** Opening Stored data block **

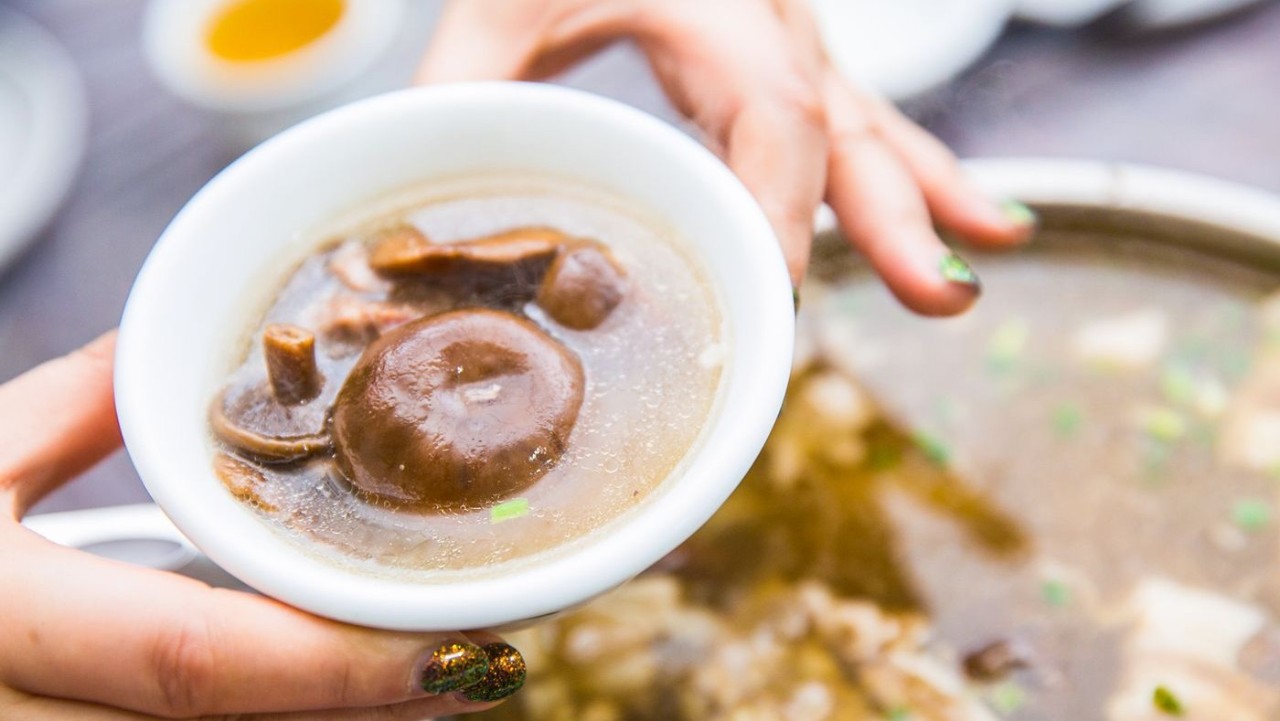 不是长沙本地人,只怕你喝不到这碗地道的寒菌火锅汤!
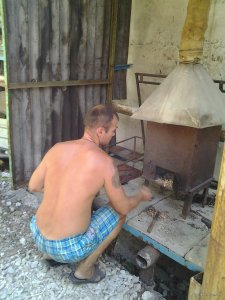ХРФ Крым коптим рыбу 2.jpg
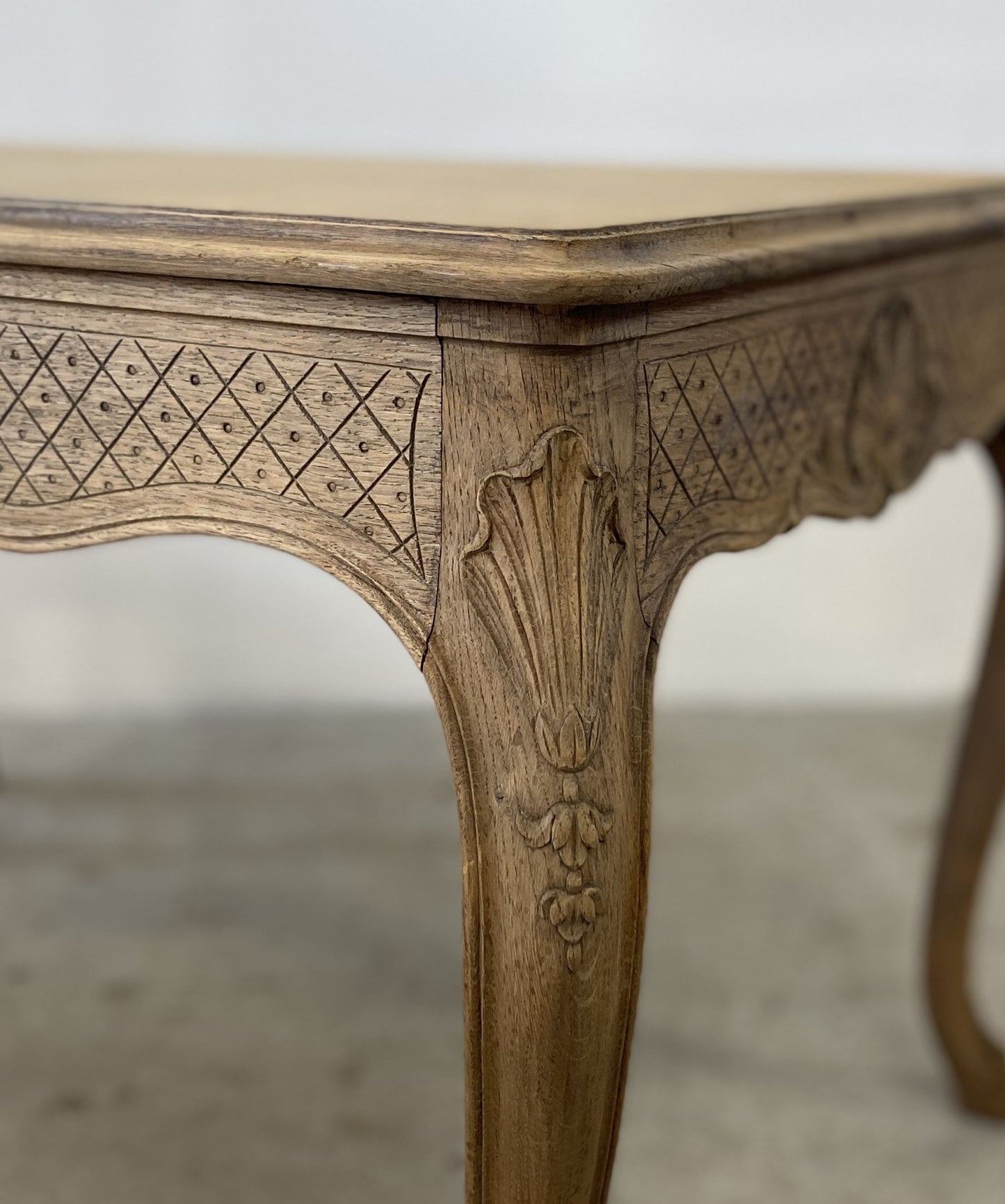Oak Table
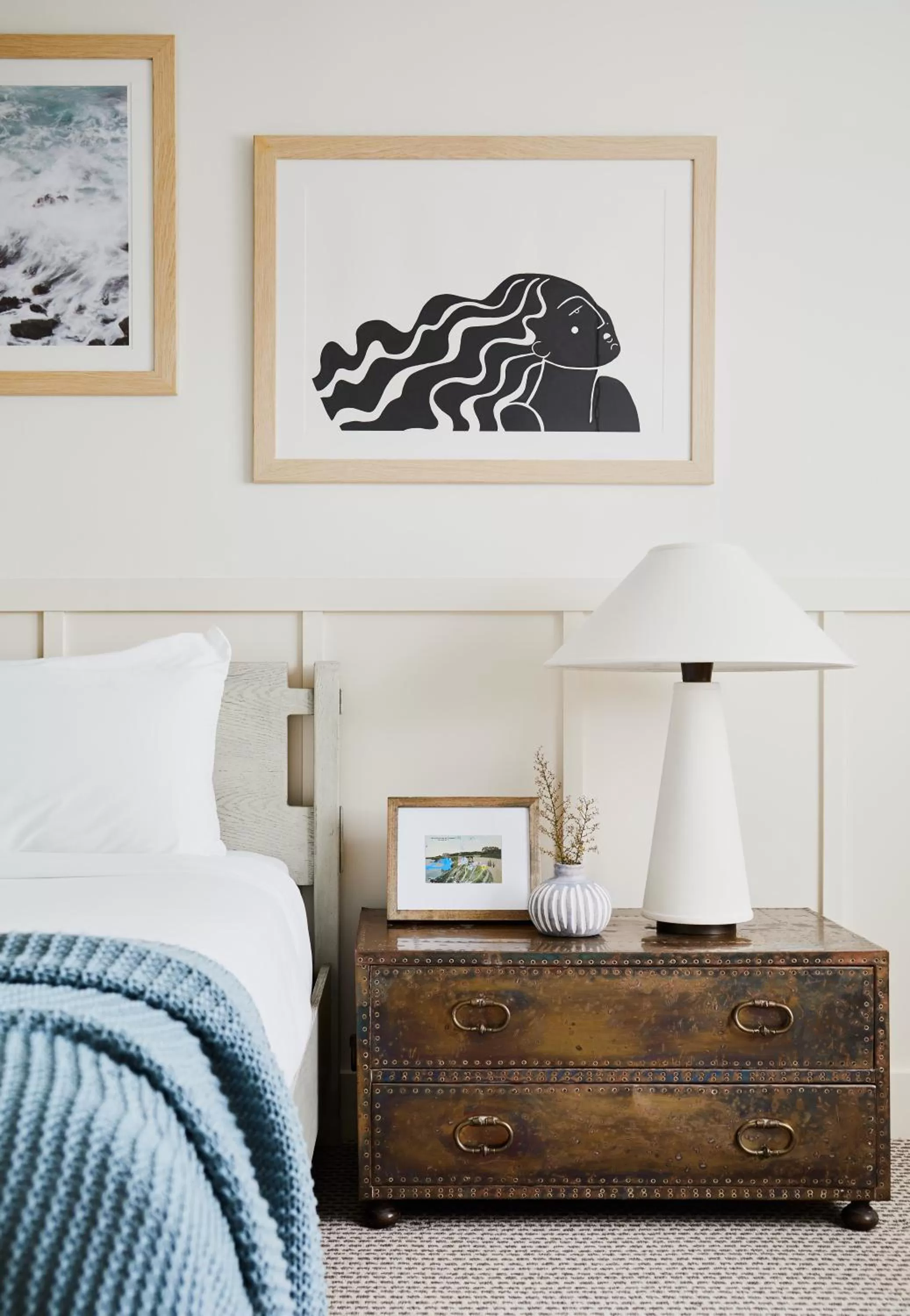 Bedroom, Bed in Wayfinder Newport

** Closing Stored data block **

■ Exercise instructions: Everything in the data except the pictures must be retyped exactly.

■ Exercise result:
 不是长沙本地人,只怕你喝不到这碗地道的寒菌火锅汤!
ХРФ Крым коптим рыбу 2.jpg
Oak Table
 Bedroom, Bed in Wayfinder Newport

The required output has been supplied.